The Caucasian languages comprise a large and extremely varied array of languages spoken by more than ten million people in and around the Caucasus Mountains, which lie between the Black Sea and the Caspian Sea. Linguistic comparison allows the classification of these languages into several different language families, with little or no discernible affinity to each other. However, the languages of the Caucasus are sometimes mistakenly referred to as a family of languages.
Families indigenous to the Caucasus
Three of these families have no current indigenous members outside the Caucasus, and are considered indigenous to the area. The term Caucasian languages is generally restricted to these families, which are spoken by about 11.2 million people.
Northeast Caucasian, also called the Nakh-Daghestanian or Caspian family, with a total of about 3.8 million speakers.
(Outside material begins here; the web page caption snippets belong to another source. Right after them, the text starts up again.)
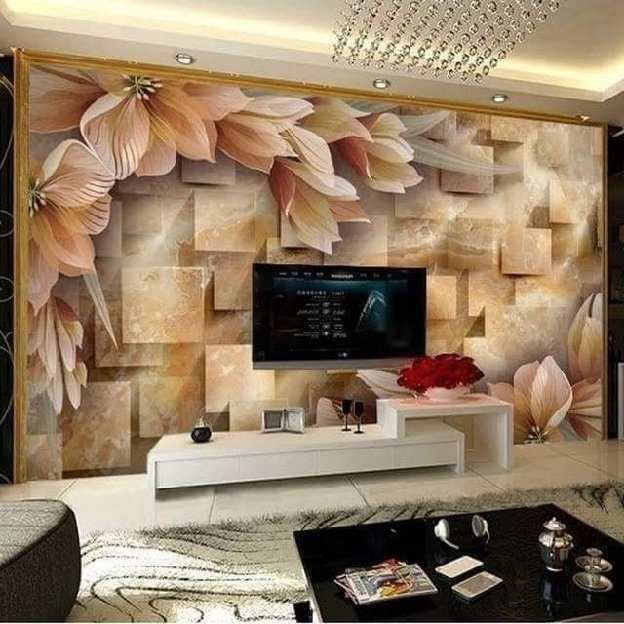 Pasang wallpaper dinding 3d custom toko jual dan pesan hordeng murah rollerblind vertikal blind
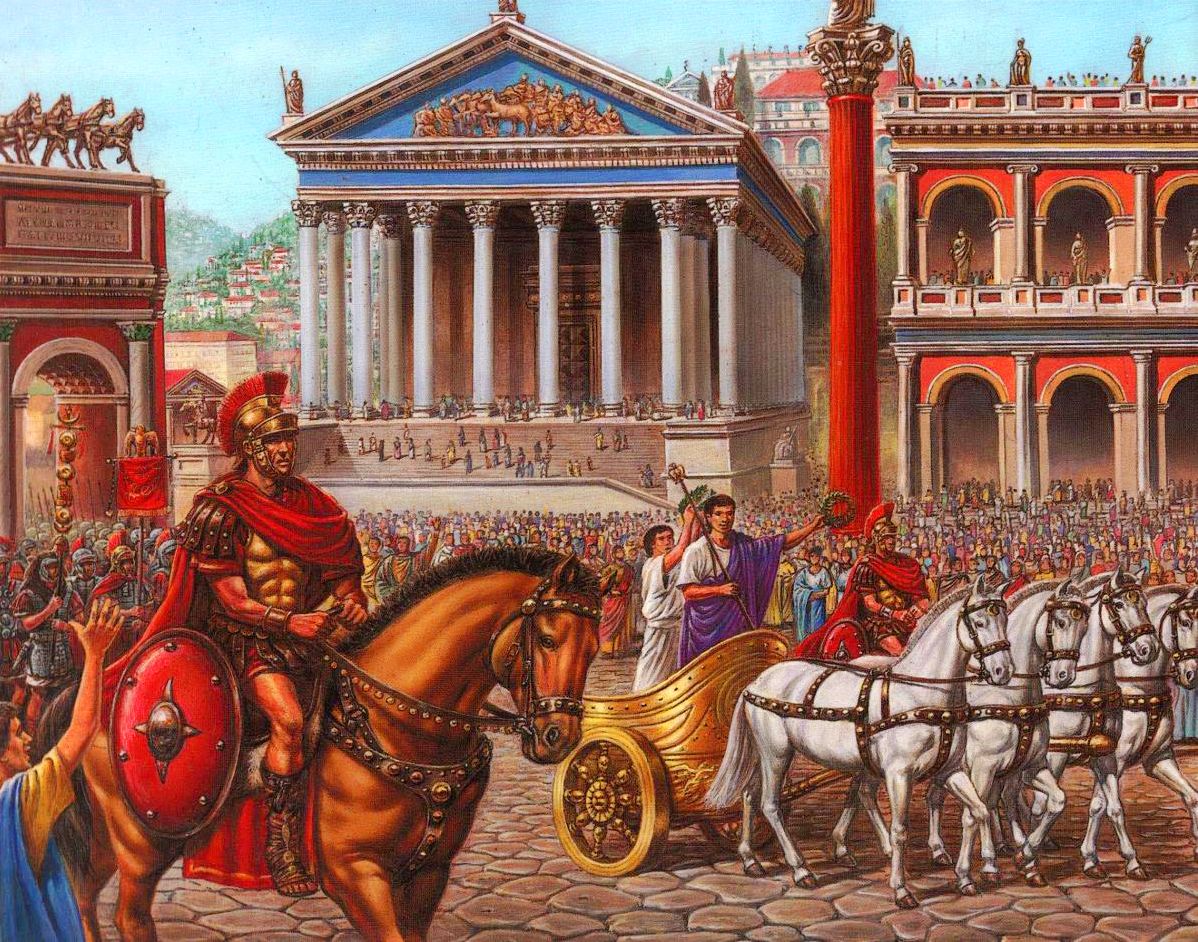 Roman triumph procession celebrating a victorious general returning through ancient Rome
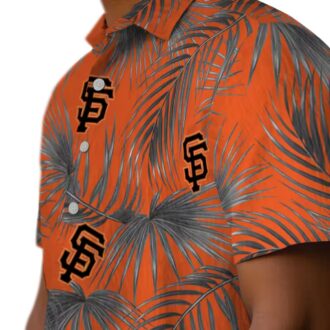 San Francisco Giants Leafy Palms Aloha Shirt - Orange Floral Resort Wear Gift for Fans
Includes the Chechen language with 1.5 million speakers, the Avar language with 1 million speakers, the Ingush language with 500,000 speakers, the Lezgian language with 800,000 speakers, and others.
Northwest Caucasian, also called the Abkhazo-Adyghean, Circassian, or Pontic family, with a total of about 2.5 million speakers. Includes the Kabardian language, with one million speakers.
It is commonly believed that all Caucasian languages have many consonants. While this is certainly true for most members of the Northeast and Northwest Caucasian families, the consonant inventories of the South Caucasian languages are not nearly as extensive, ranging from 28 to 30 – comparable to languages like Russian, Arabic, and Western European languages. The autochthonous languages of the Caucasus share some areal features, such as the presence of ejective consonants and a highly agglutinative structure, and, with the sole exception of Mingrelian, all of them exhibit a greater or lesser degree of ergativity. Many of these features are shared with other languages that have been in the Caucasus for a long time, such as Ossetian.
External relations
Since the birth of comparative linguistics in the 19th century, the riddle of the apparently isolated Caucasian language families has attracted the attention of many scholars, who have endeavored to relate them to each other or to languages outside the Caucasus region. The most promising proposals are connections between the Northeast and Northwest Caucasian families and each other or with languages formerly spoken in Anatolia and northern Mesopotamia.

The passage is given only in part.